The mitred mahogany moulding is assembled on a tight, and well executed, half lapped oak back frame with a neatly chamfered back edge. This method and quality of construction is evidence of the work of an ébéniste rather than that of an encadreur, who would typically use a mitre and key construction.

The remainder of the blue paper next to the rebate would have sealed a backboard and glass into the frame. Evidence that the frames were made for works on paper, either print or drawing.
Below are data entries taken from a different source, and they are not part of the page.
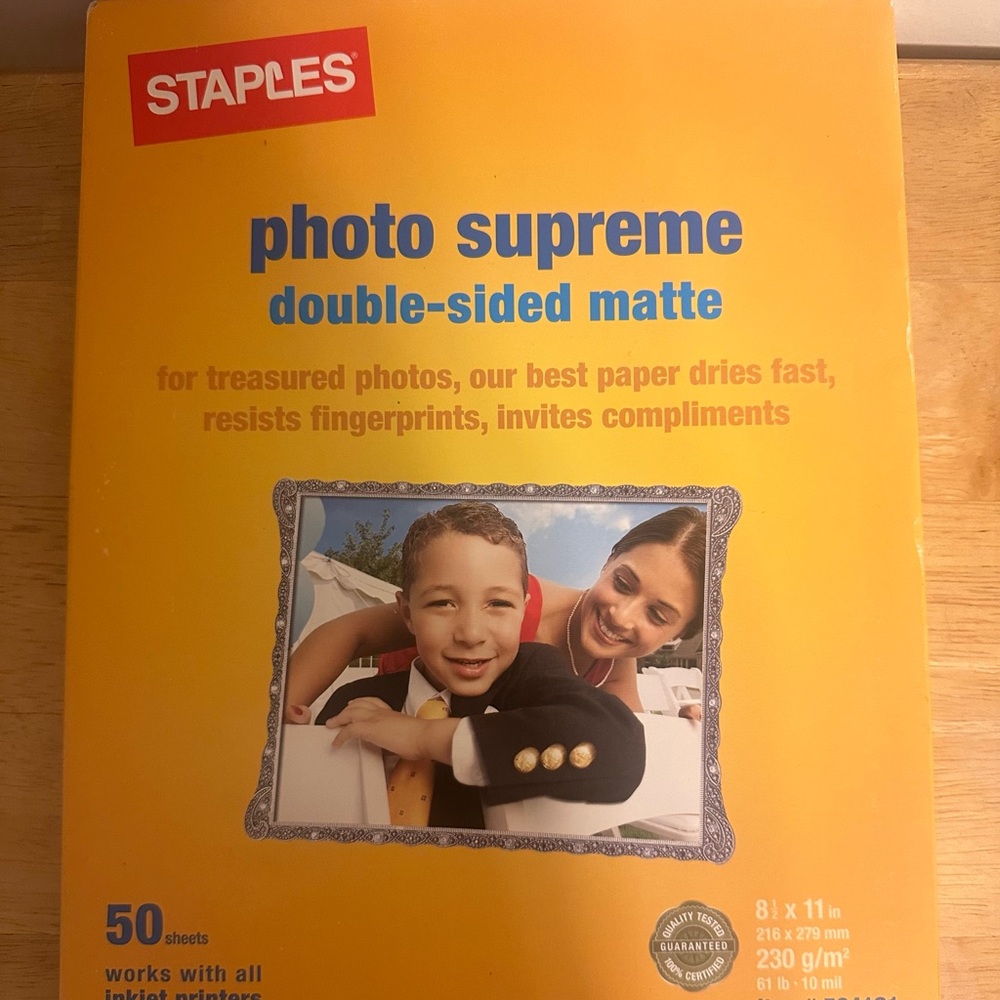 Staples Photo Supreme Double-Sided Matte Photo Paper 50 Sheets 8.5 x 11
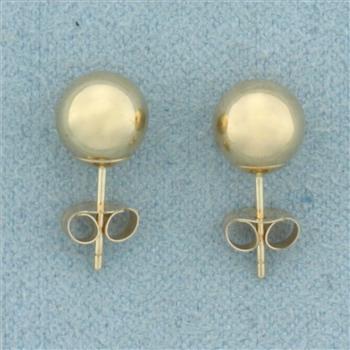 7mm Ball Stud Earrings in 10k Yellow Gold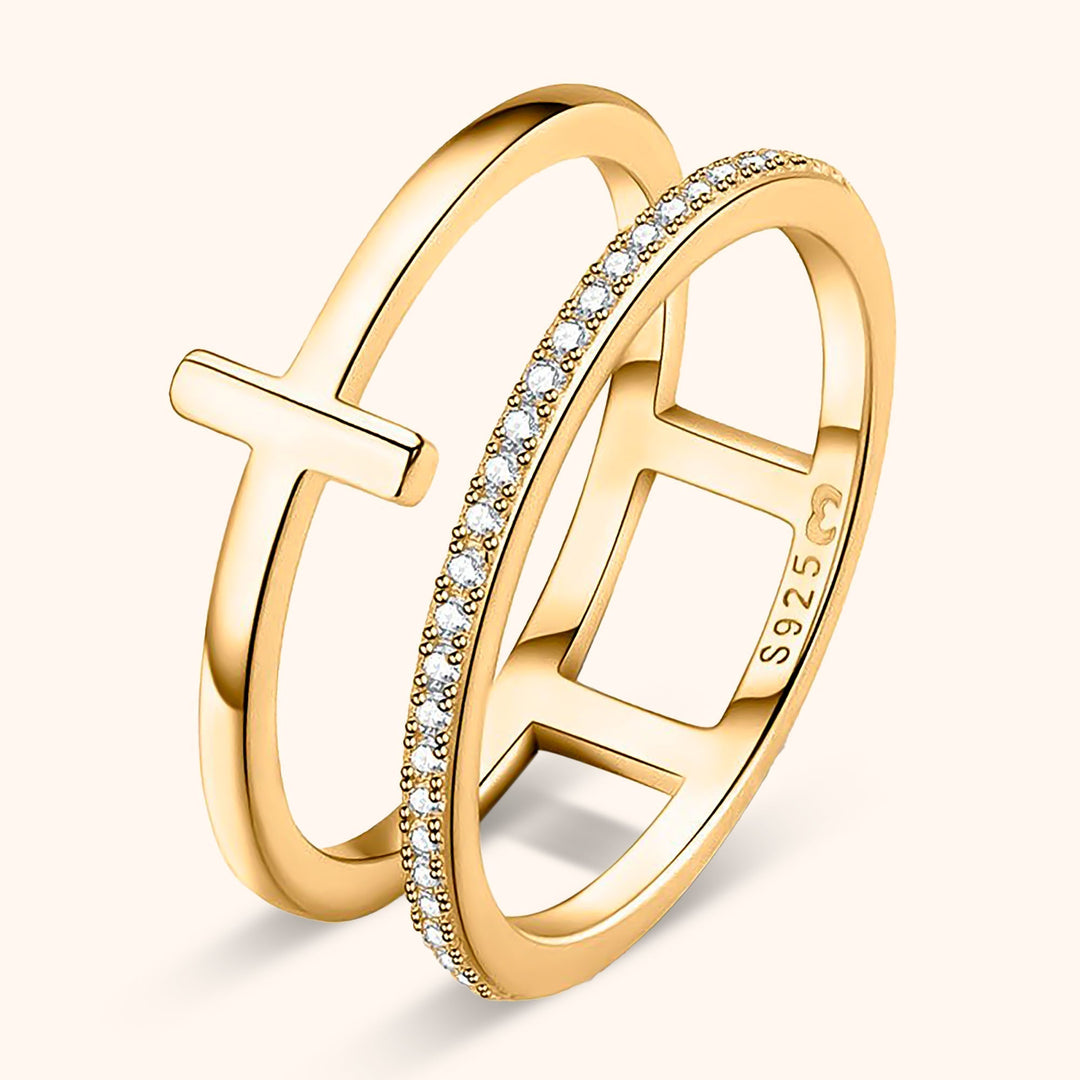 Stylish Double Cross Ring - Celeste-Gold-5-Nora Luxe
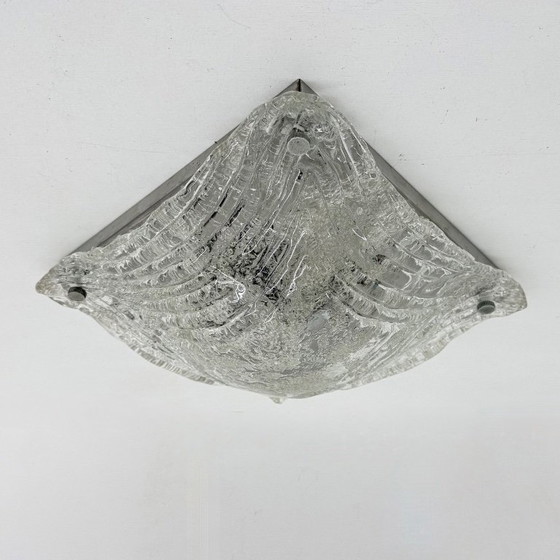 Image 1 of Lampe de plafond/applique Mazzega en verre de Murano soufflé à la main, style années 1970
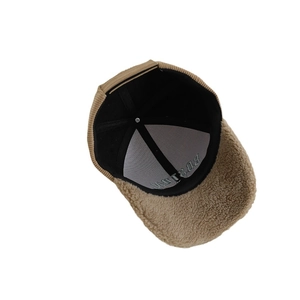 Boston sherpa fleece and corduroy baseball cap for kids with warm lining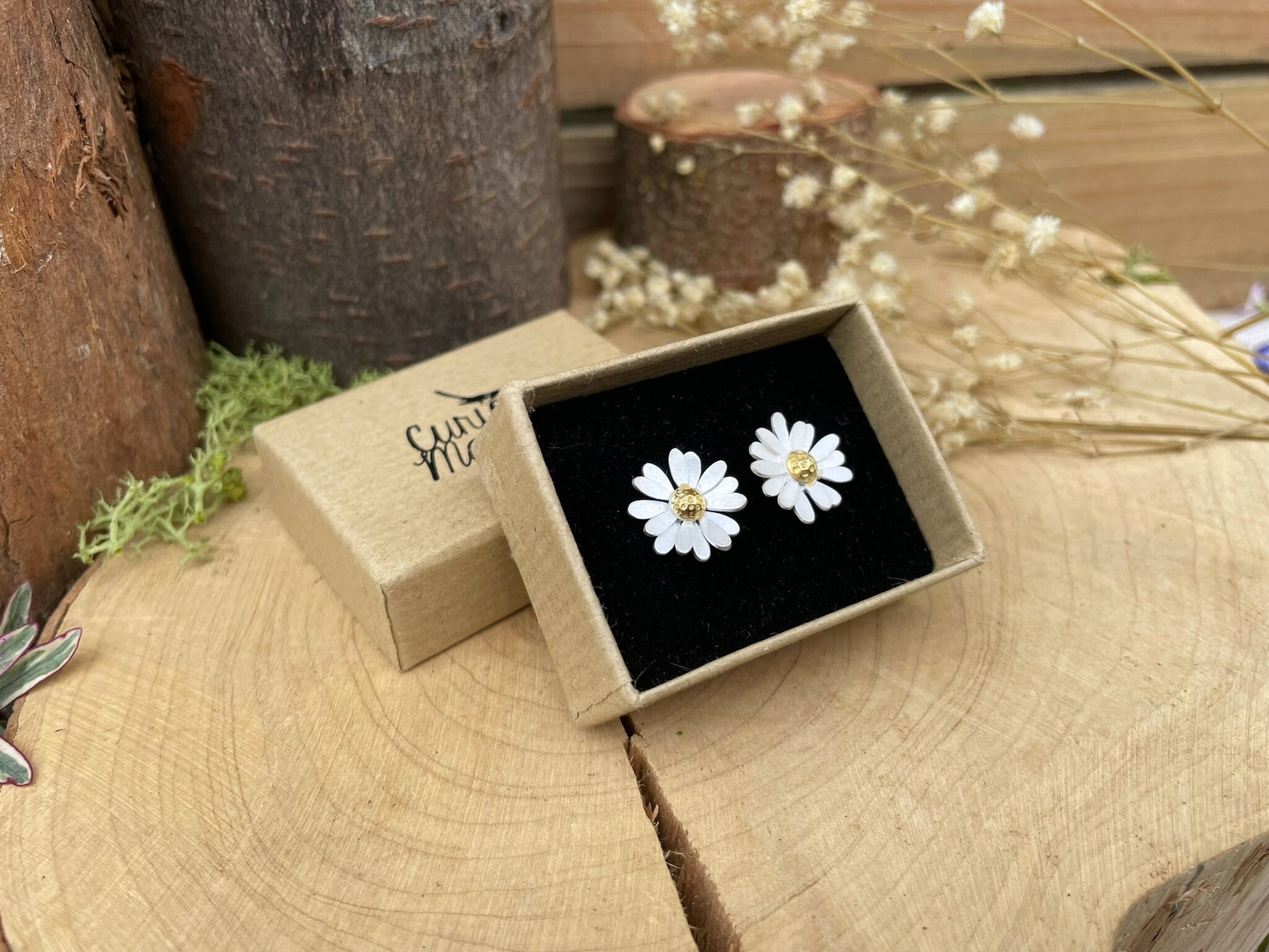 Gold & Silver Daisy Stud Earrings by Curious Magpie Jewellery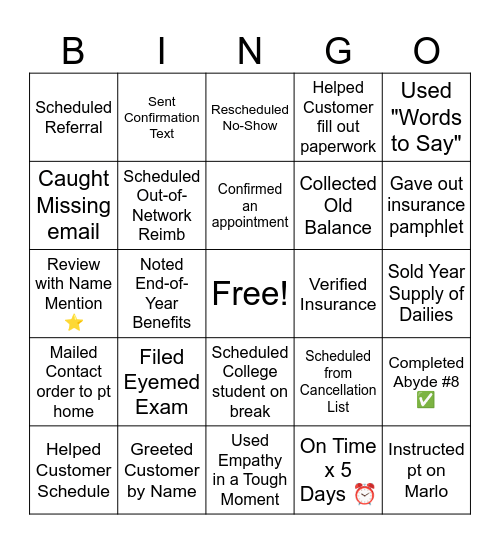 Front Desk Bingo Card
Holes made by the original hanging hooks, now missing, indicate that the frames hung in a landscape format.

Étienne Avril, 1748 - June 24, 1791, was a French furniture designer, or ébéniste who became a maître-menuisier, of the guild of menuisiers-ébénistes, on 23rd November 1774, Paris. Avril’s shop was on Rue de Charenton, at the corner of Rue Moreau, but after the Revolution he moved to premises near the Porte Saint-Antoine, the furniture making district in 18th century Paris.

Secrétaire à abattant by Etienne Avril (1748-1791) Paris, circa 1780.
Estampillé E. AVRIL & marque JME. 

Avril’s furniture is neo-classical in design, the fashionable style of the Louis XVI period. He was noted for making ‘commodes, consoles, bibliothèques, secrétaires et chiffonniers’ mostly in mahogany or satinwood although he also employed other woods such as lemon veneer and rosewood. The rigorous and clean lines of his furniture were accentuated by brass mouldings which often bordered panels of marquetry or exotic veneers. After 1775 he also began adding bisque porcelain to the design of his furniture. For example, he added two nymphs made of bisque to a wardrobe he designed for the Palace of Fontainebleau.

Michael Gregory



Notable pieces of furniture by Etienne Avril are in the following collections:

Château de Fontainebleau - Louis XVI wardrobe in mahogany framed ebony

Musée Marmottan-Paris - Small Louis XVI wardrobe with two drawers, clad in rosewood

Museum of Decorative Arts-Lyon - An oval-shaped chiffonière Table

He produced pieces for Queen Marie Antoinette for Château de Saint-Cloud.